**Requirement:** Please keep to the lines below from the one with "Stille Draadloze Muis" through the one with "Women’s 100% Cotton", and restate them word for word, ends included.

**Dataset content:**
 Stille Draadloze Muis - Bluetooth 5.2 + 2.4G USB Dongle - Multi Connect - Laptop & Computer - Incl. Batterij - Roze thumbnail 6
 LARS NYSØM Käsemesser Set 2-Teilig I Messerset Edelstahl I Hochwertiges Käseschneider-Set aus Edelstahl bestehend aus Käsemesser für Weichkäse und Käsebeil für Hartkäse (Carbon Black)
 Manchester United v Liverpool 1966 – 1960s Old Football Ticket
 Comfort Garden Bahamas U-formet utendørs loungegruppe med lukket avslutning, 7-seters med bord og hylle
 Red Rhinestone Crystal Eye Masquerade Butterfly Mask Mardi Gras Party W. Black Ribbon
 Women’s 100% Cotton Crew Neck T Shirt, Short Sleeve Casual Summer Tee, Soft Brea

--

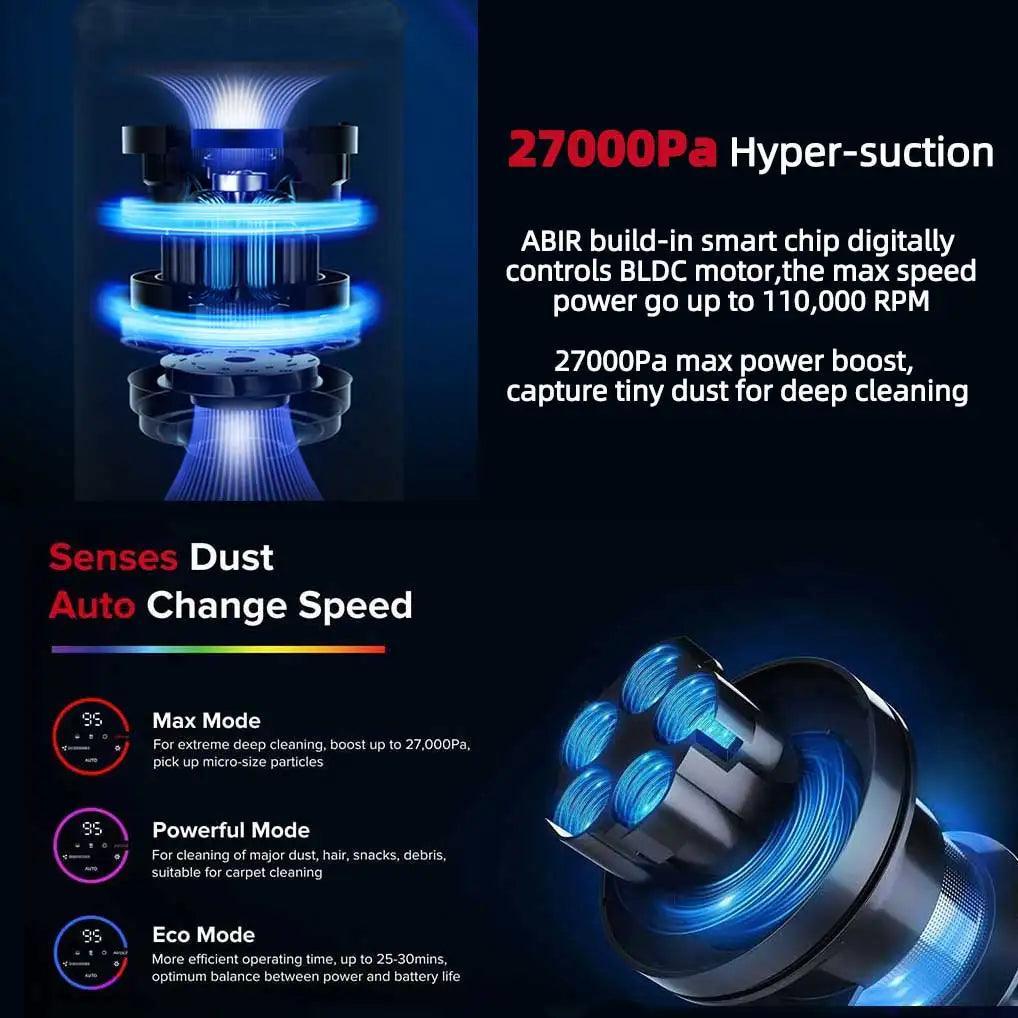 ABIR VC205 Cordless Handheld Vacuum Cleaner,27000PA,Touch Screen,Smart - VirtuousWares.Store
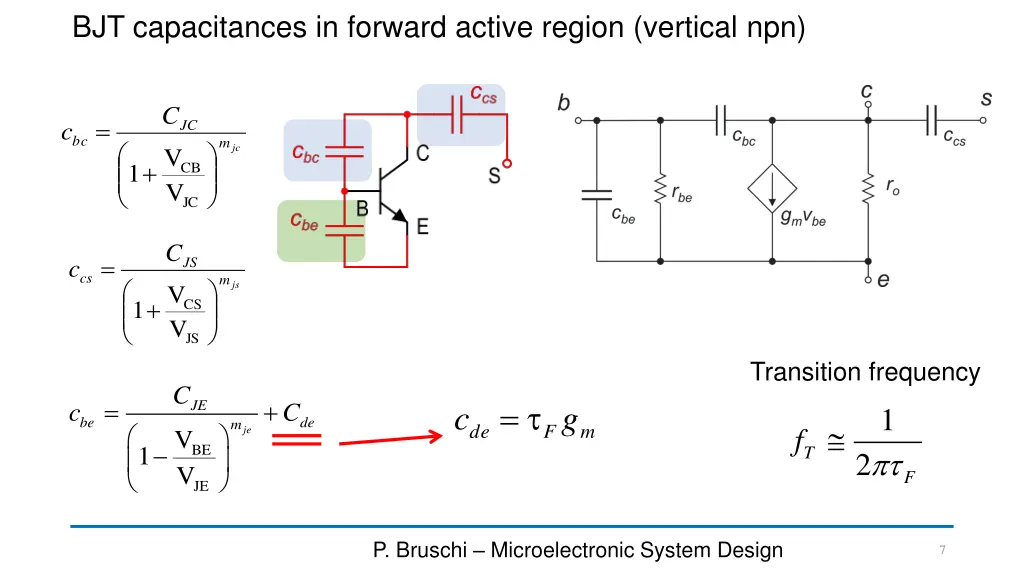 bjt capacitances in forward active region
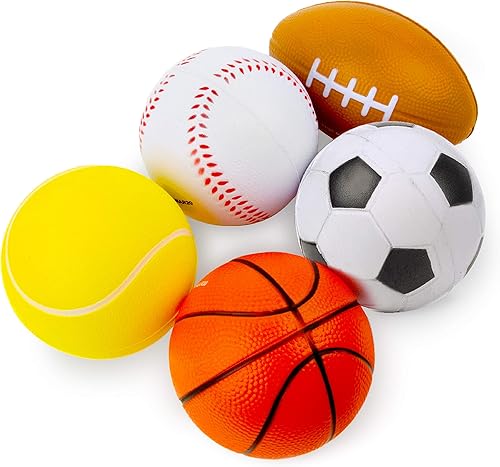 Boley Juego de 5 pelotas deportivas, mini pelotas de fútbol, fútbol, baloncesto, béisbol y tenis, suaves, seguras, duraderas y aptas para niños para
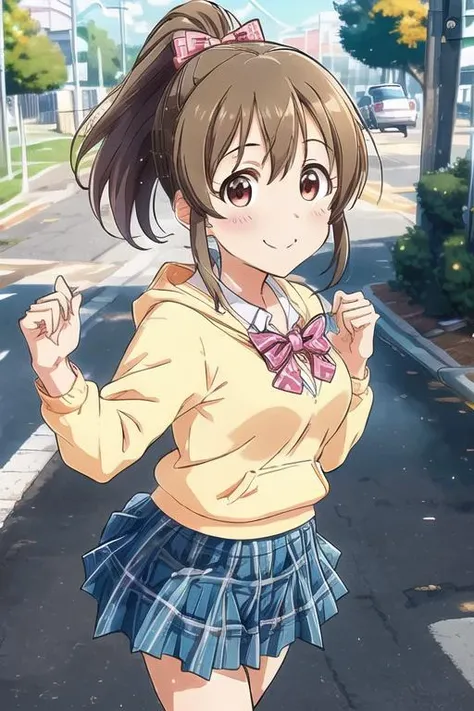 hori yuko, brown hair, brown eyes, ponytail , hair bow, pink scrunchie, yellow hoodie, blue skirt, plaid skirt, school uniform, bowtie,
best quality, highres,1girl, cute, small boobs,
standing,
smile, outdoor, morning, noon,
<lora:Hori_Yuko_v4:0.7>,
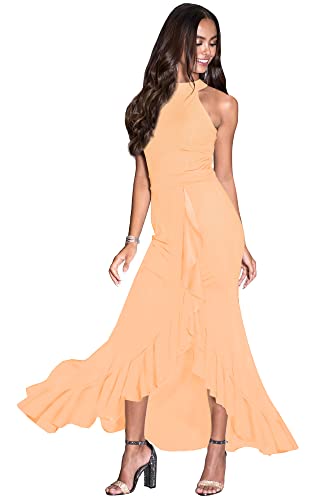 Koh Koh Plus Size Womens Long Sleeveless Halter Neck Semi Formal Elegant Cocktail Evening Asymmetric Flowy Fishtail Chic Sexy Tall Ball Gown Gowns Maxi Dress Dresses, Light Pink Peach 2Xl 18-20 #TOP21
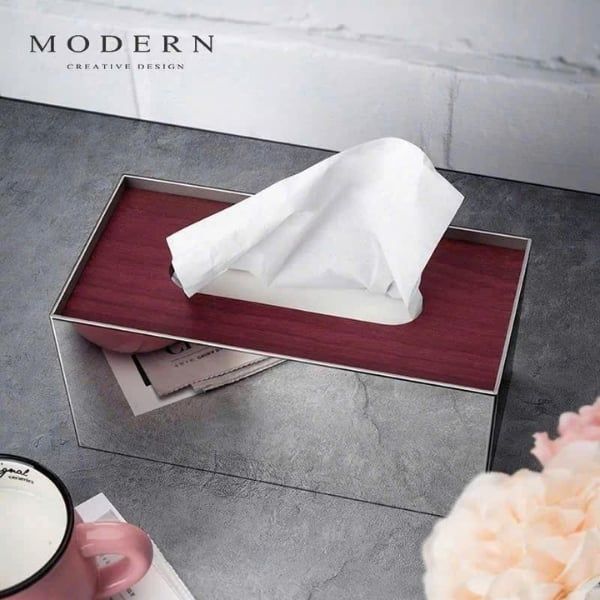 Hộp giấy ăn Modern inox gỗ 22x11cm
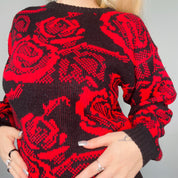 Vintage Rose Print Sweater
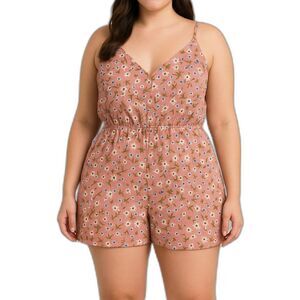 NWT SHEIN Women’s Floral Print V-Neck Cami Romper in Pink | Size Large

**Answer section:**
 Stille Draadloze Muis - Bluetooth 5.2 + 2.4G USB Dongle - Multi Connect - Laptop & Computer - Incl. Batterij - Roze thumbnail 6
 LARS NYSØM Käsemesser Set 2-Teilig I Messerset Edelstahl I Hochwertiges Käseschneider-Set aus Edelstahl bestehend aus Käsemesser für Weichkäse und Käsebeil für Hartkäse (Carbon Black)
 Manchester United v Liverpool 1966 – 1960s Old Football Ticket
 Comfort Garden Bahamas U-formet utendørs loungegruppe med lukket avslutning, 7-seters med bord og hylle
 Red Rhinestone Crystal Eye Masquerade Butterfly Mask Mardi Gras Party W. Black Ribbon
 Women’s 100% Cotton Crew Neck T Shirt, Short Sleeve Casual Summer Tee, Soft Brea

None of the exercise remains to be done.